• [Source data]:
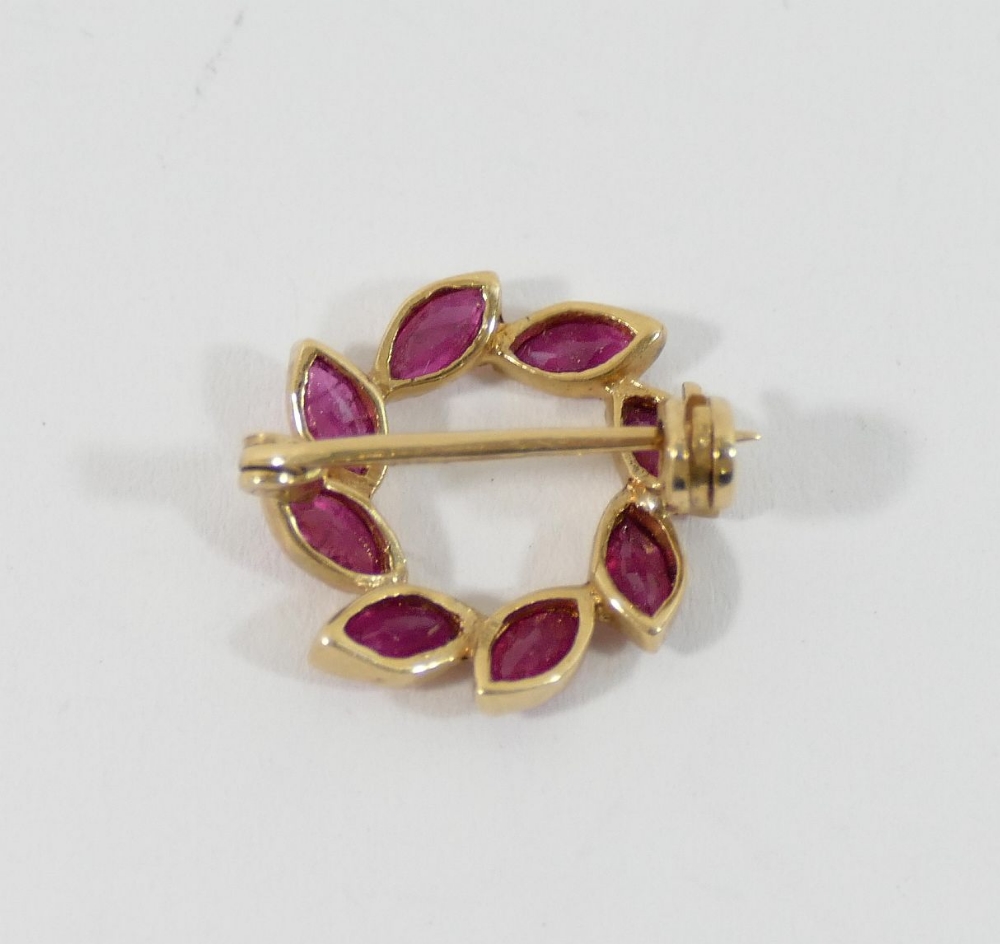 A small circular yellow metal laurel leaf brooch, set with rubies, import marks for London 1989, 1. - Image 2 of 2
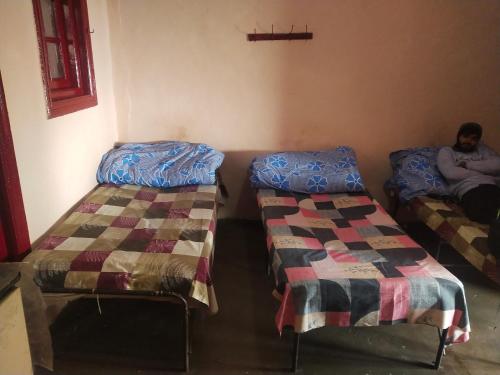 Deux lits dans une pièce avec un homme assis sur eux dans l'établissement Kumar Guest House, à Shimla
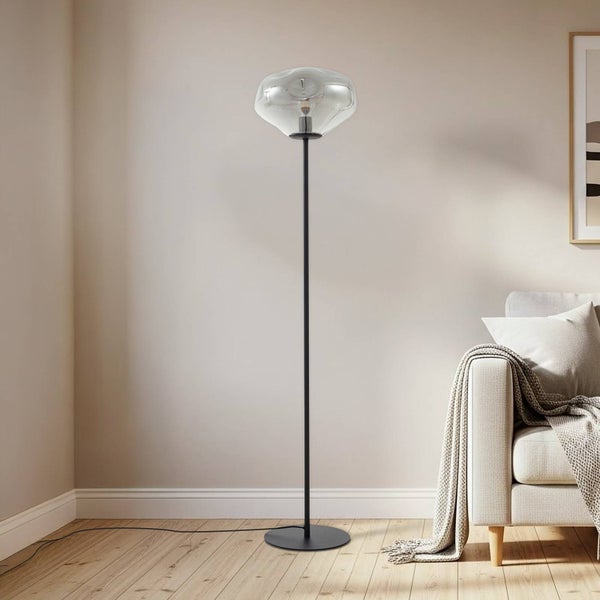 Stehleuchte mit Glasschirm auf schwarzem Metallgestell im Wohnzimmer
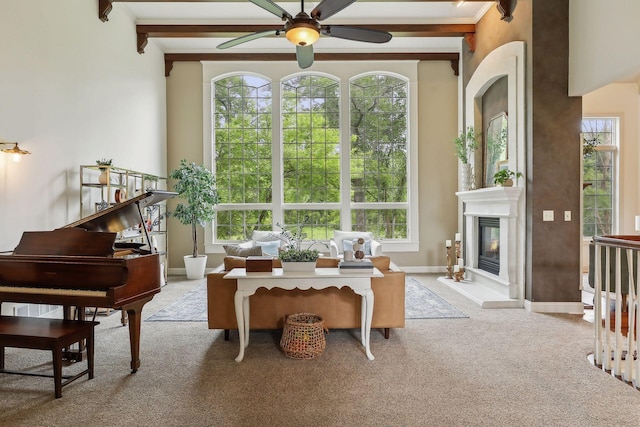 interior space with beam ceiling, a glass covered fireplace, a ceiling fan, and baseboards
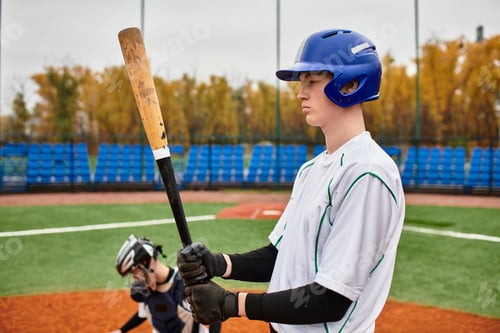 Preview: Teenage boys enjoy baseball on a youth sports field during an overcast afternoon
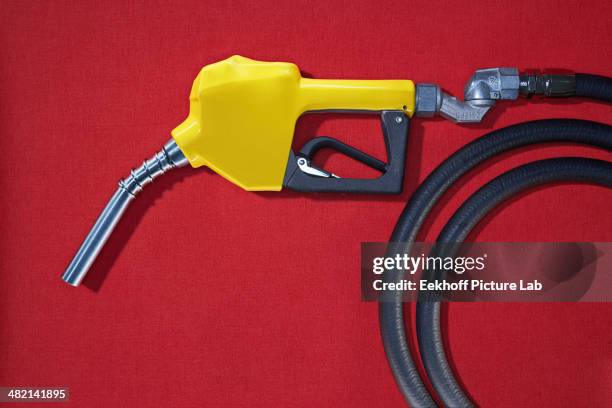 close up of gasoline pump nozzle - industrial hose stockfoto's en -beelden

• [The problem]:
Set down again, exactly, every line above from the one with "Deux lits dans" down to the one with "interior space with", both ends included. No pictures, and nothing else.

• [Task answer]:
 Deux lits dans une pièce avec un homme assis sur eux dans l'établissement Kumar Guest House, à Shimla
 Stehleuchte mit Glasschirm auf schwarzem Metallgestell im Wohnzimmer
 interior space with beam ceiling, a glass covered fireplace, a ceiling fan, and baseboards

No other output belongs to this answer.